Helping our customers develop weatherfast, UV-curable clearcoats is a high priority, with photoinitiators and compatible stabilizer packages utilizing combinations of UV absorbers (UVA) and hindered amine light stabilizers (HALS) now considered the state of the art. The filter effect of UVAs protects the substrate against color change and photochemical degradation which would, in turn, lead to delamination. HALS protect the coating against loss of gloss and — most importantly — against cracking.

The most promising compounds for providing synergistic solutions to automotive coatings market needs are combinations of the photoinitiators Ciba® IRGACURE® 184 for surface cure and IRGACURE 819 for curing through the entire coating, along with UVAs such as TINUVIN® 400, in combination with HALS such as TINUVIN 292 or 152. Exposure results under Florida conditions demonstrate that these compounds, used in combination in UV-cured clearcoats, deliver weathering performance that is at least comparable to thermally cured systems, while also providing all the advantages of UV-cured coatings.

Light Stabilizer Innovations for Auto Coatings

Our research is also focused on reactable, non-interacting light stabilizers. This market need parallels the growing use of coatings over plastics, and the use of urethane coatings over acid-catalyzed basecoats. Urethane and other advanced chemistry coatings are replacing acrylic-melamine clearcoats in OEM applications because of their generally superior acid rain and chemical resistance.

The market needs for light stabilizers specifically designed for automotive coatings applications are escalating, where HALS have been used to improve weathering performance for more than 20 years. Their ability to scavenge free radicals produced by photolysis and photo-oxidation complements the performance of UV absorbers. The two stabilizer types are usually used in tandem to deliver maximum weatherability. The development of new reactable HALS and UVAs can meet needs for improved compatibility in polar coatings as well as reduced migration. In addition, work continues on development of high-purity powder forms, which are also ideal for use in the growing powder coating segment.

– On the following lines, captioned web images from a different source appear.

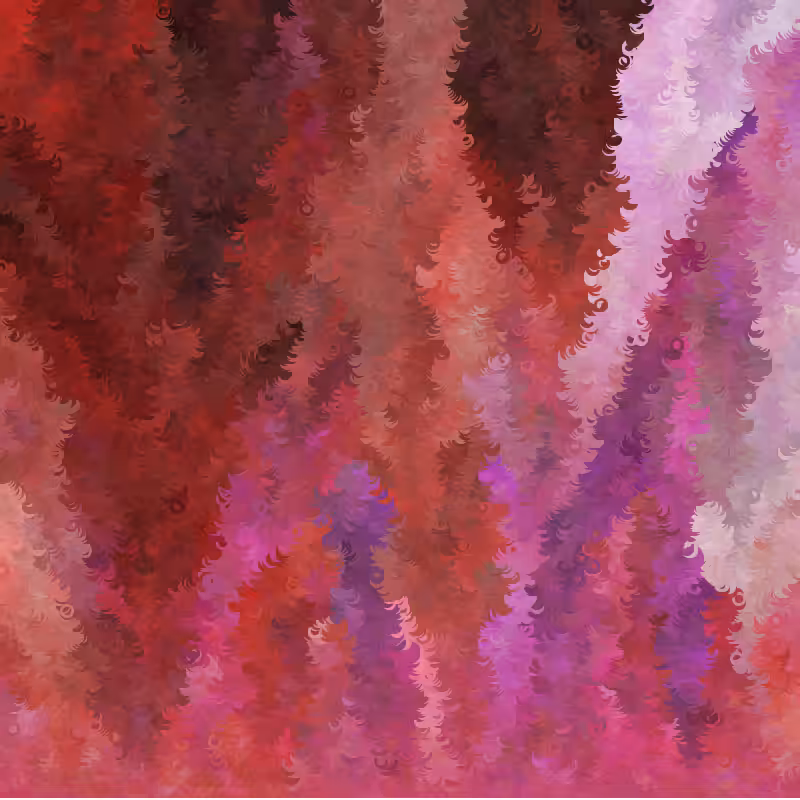 Color garden #117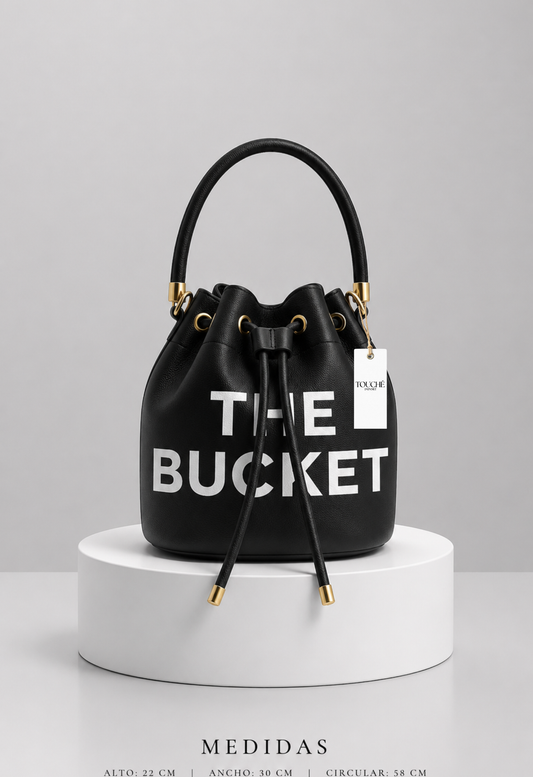 Marc Jacobs The bucket
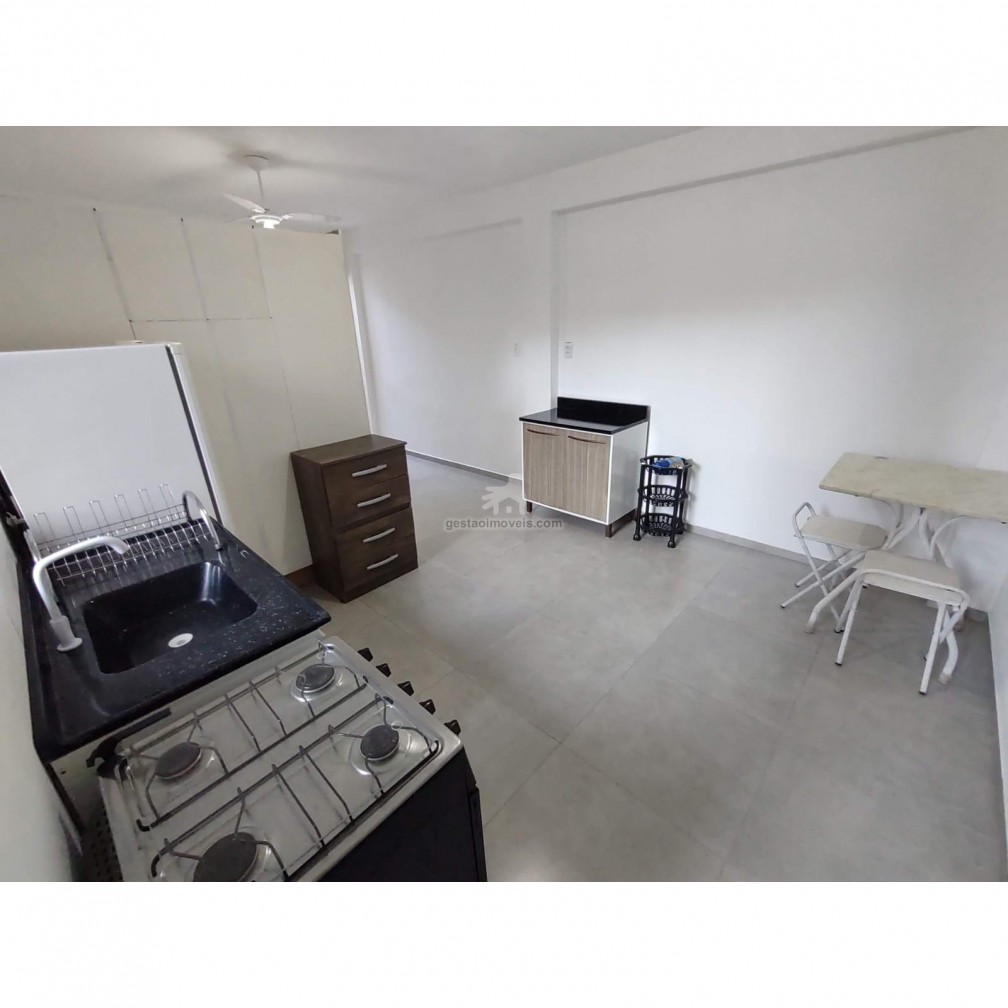 Kitnet-Studio, 30 m² - Foto 5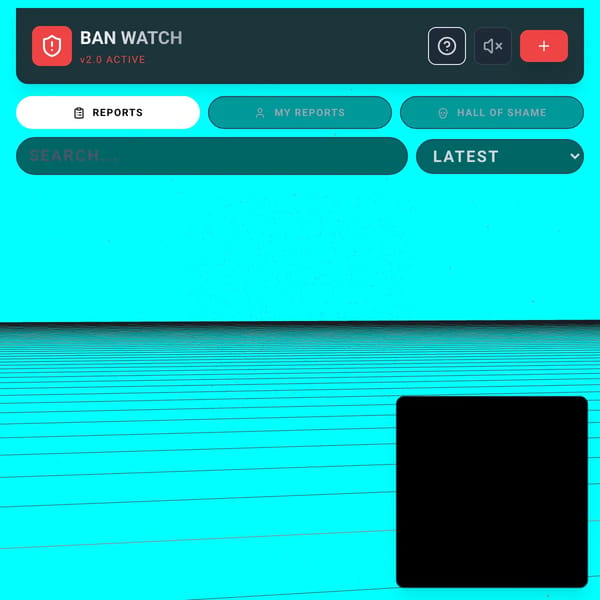Community Ban List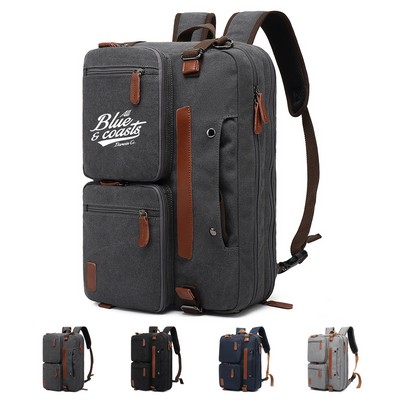 Tech Travel Backpack
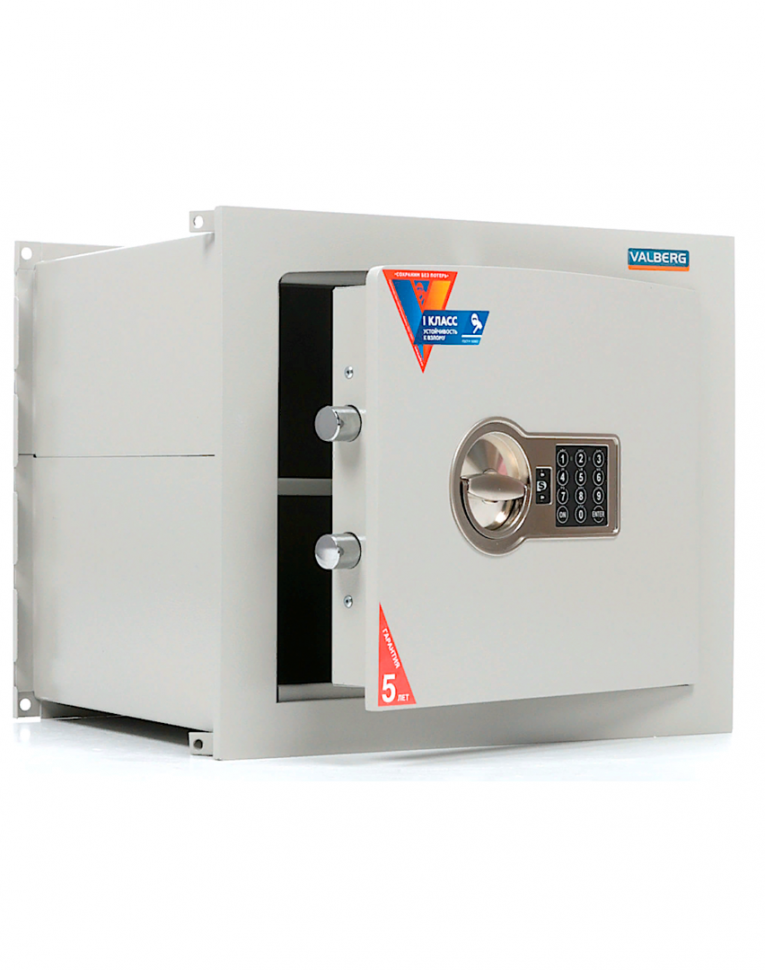 Встраиваемый сейф Valberg AW-1 3836 EL купить в Ростове-на-Дону Встраиваемый сейф Valberg AW-1 3836 EL купить в Ростове-на-Дону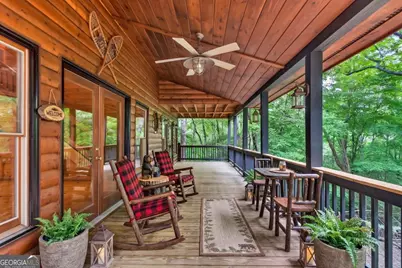 648 Stuart Mountain Road, Mineral Bluff, GA 30559 - Photo 56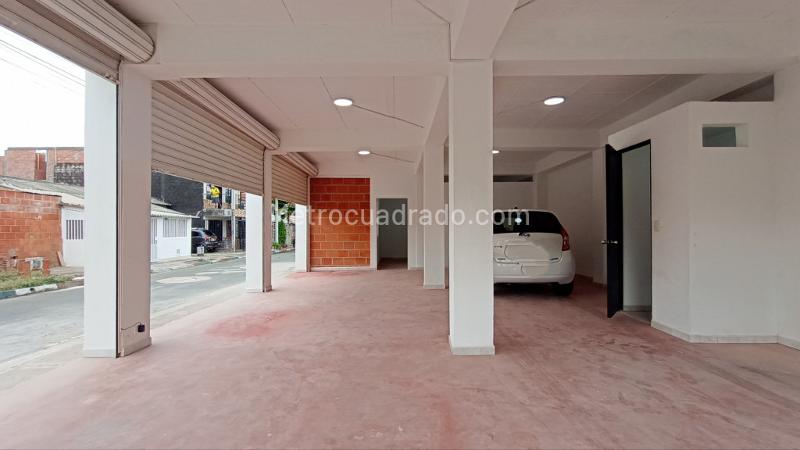 Local Comercial en Arriendo, Ciudadela Bonanza Barrio Girasoles, Jamundi - Widok 6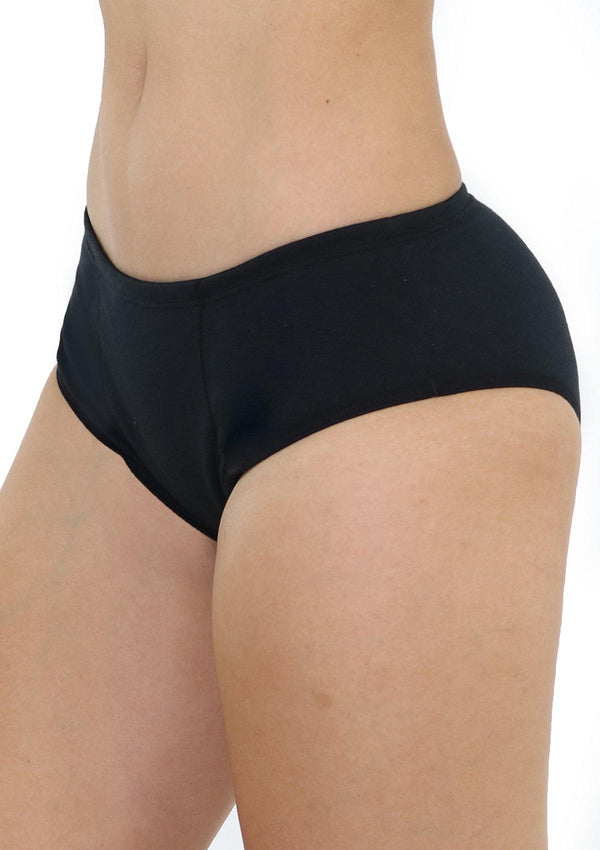 YU501 Yurika Panty PQT 3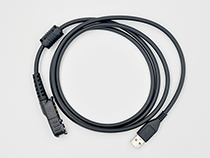 [SC-MST-RPC-4115B-U] Programming cable for Two-way radios P6600/ P6620/ XPR3300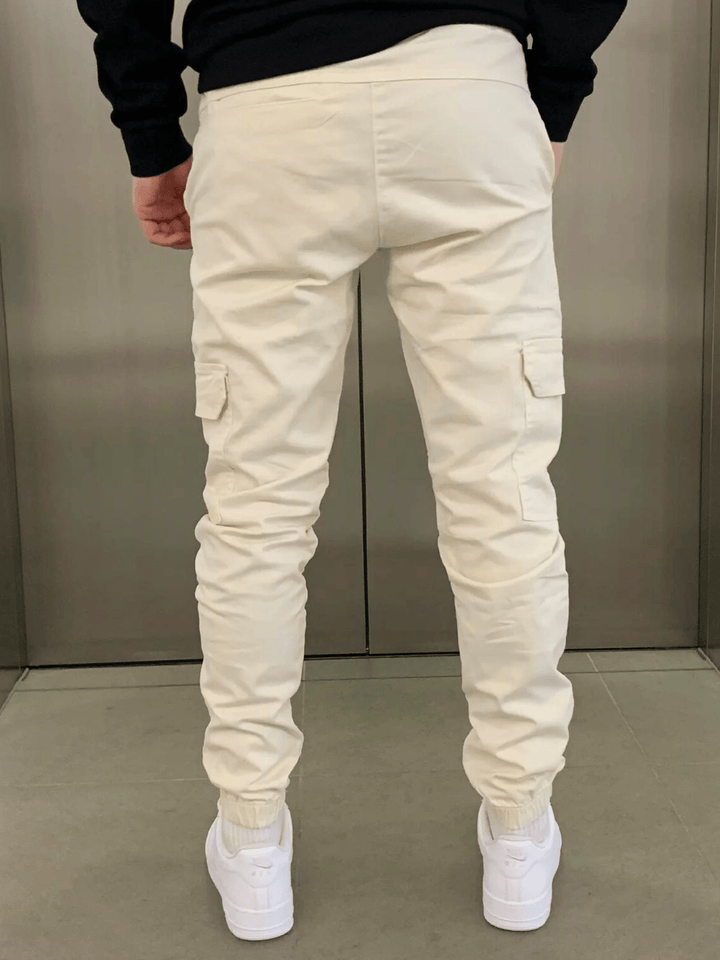 Rovik – Cargo Jogger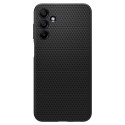 Etui case na Samsung Galaxy A15 4G / 5G Liquid Air - czarny mat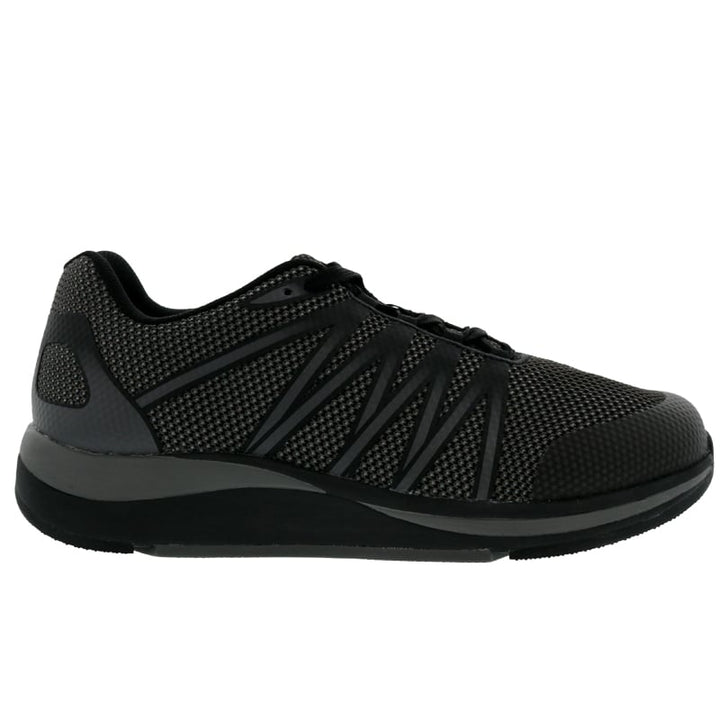 PLAYER Black Mesh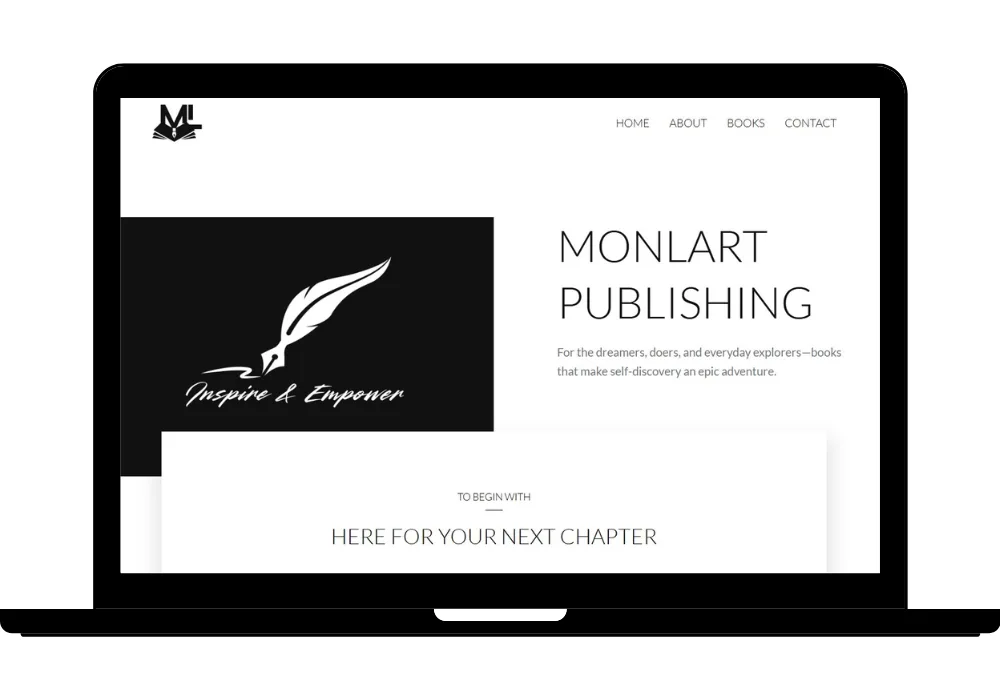 MONLART Publishing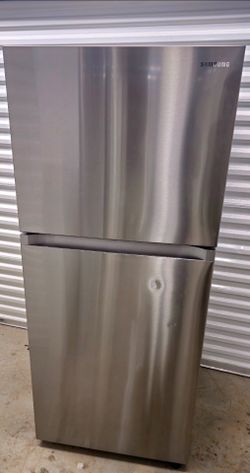 Storage Refrigerator must go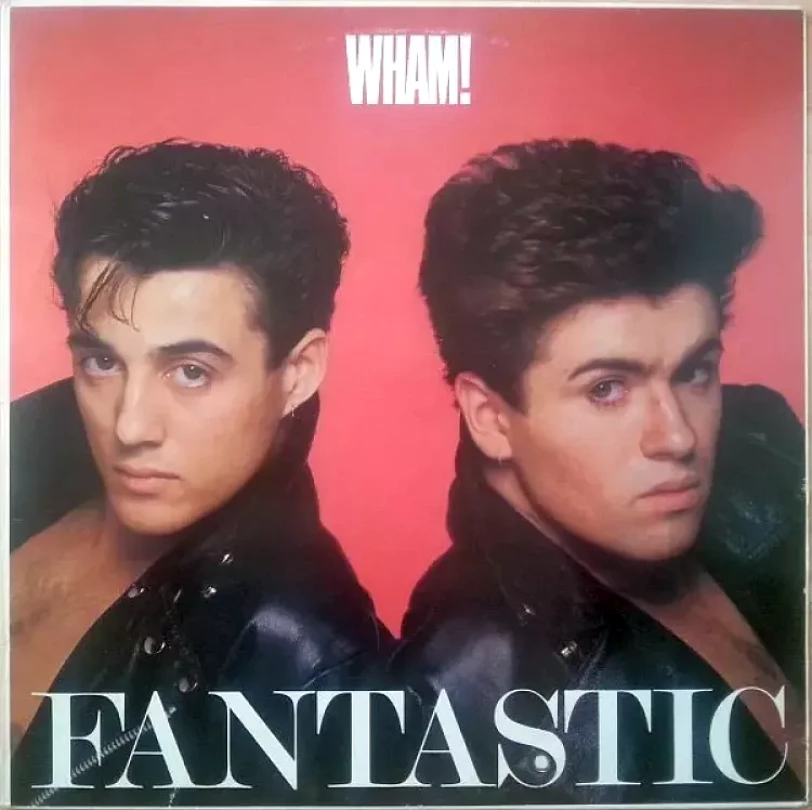 Levně Fantastic (Wham!, 1983)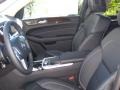 Black - ML 350 4Matic Photo No. 5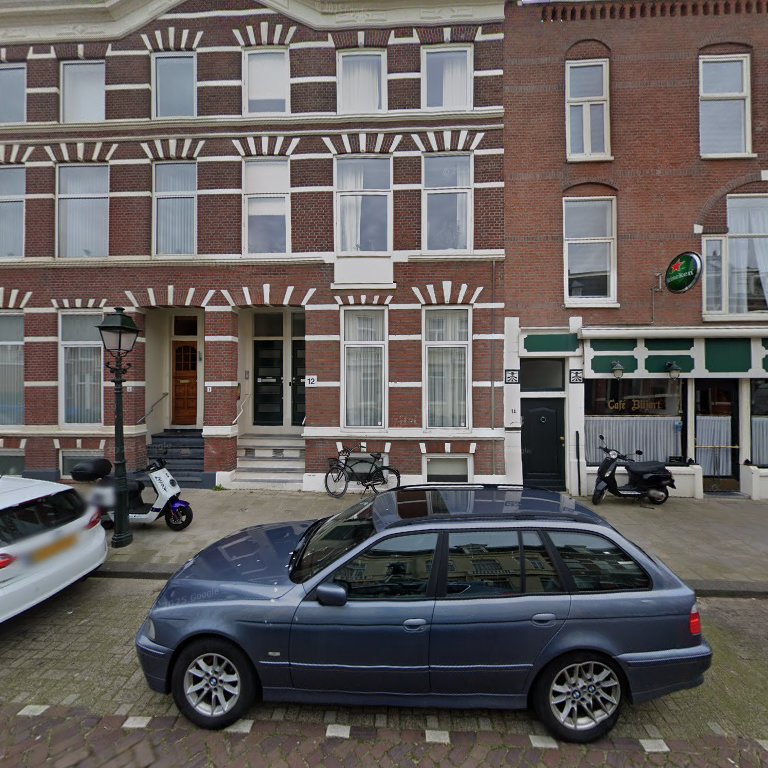 Hotel Sunset Scheveningen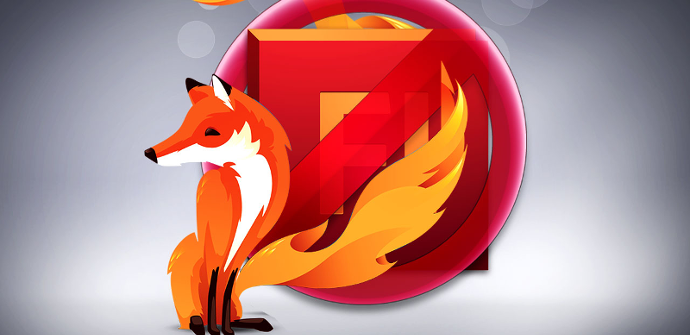 Firefox y Flash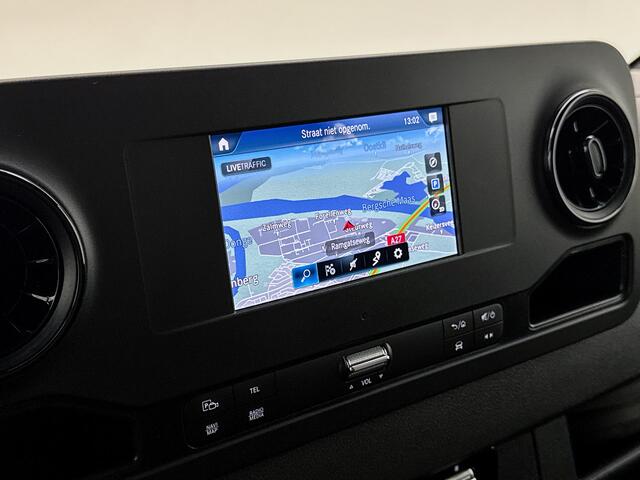 Mercedes-Benz SPRINTER 315cdi L3H2 Navigatie Achteruitrijcamera Betimmering Apple Carplay/Android Auto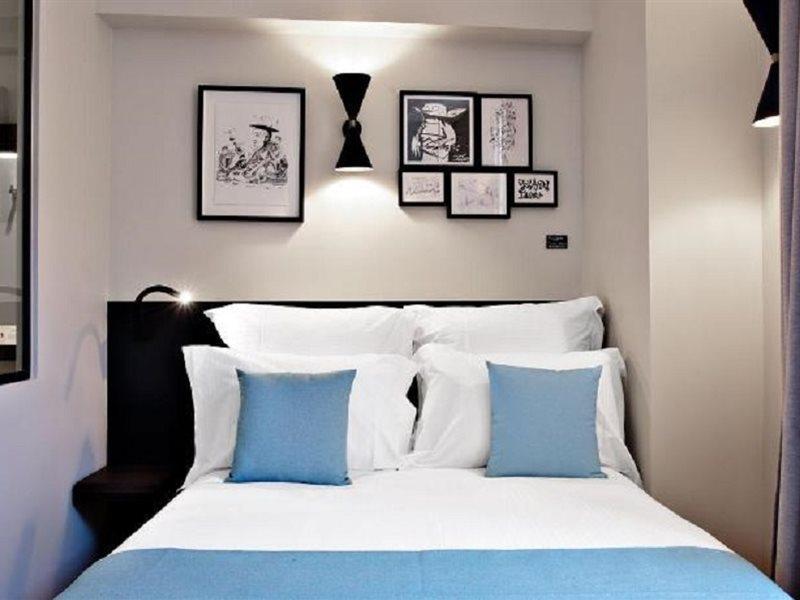 Boutique Hotel Villa Du Taur Тулуза Экстерьер фото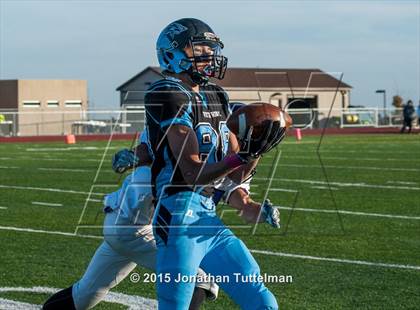 Thumbnail 1 in Mesa Ridge @ Vista Ridge photogallery.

The new systems being introduced by Ciba are compatible with highly polar, highly cross-linked systems, such as polyester (or acrylic) urethanes and melamines. A new class of non-interacting HALS (NOR-HALS) possesses a reactable hydroxy functionality, enabling it to co-condense with melamine and isocyanate cross-linkers. As a result, it exhibits improved compatibility and migration resistance in many coatings systems. Potential applications include coatings-over-plastic substrates (especially polyurethanes), acid-catalyzed clearcoats, clearcoats over acid-catalyzed basecoats, and advanced “next generation” clearcoats.

This new class of products offers many advantages: they react quickly, are non-interacting, and exhibit outstanding solubility, thermal permanence and light stabilizing effectiveness. Their migration resistance makes them attractive for use in evolving wet-on-wet-on-wet applications, where the primer, basecoat and topcoat are layered one on top of the other and then cured with a single bake. Such growing applications pose particular migration challenges, which are met by the Ciba systems.

In addition, the low melting range is ideal for use in powder coatings, and developing UV/powder hybrid applications. The stabilizers are highly soluble in a wide range of HAPS compliant solvents.

For the future, Ciba is exploring ways to link its expertise in photoinitiators and HALS in new combinations to meet evolving automotive coatings market needs.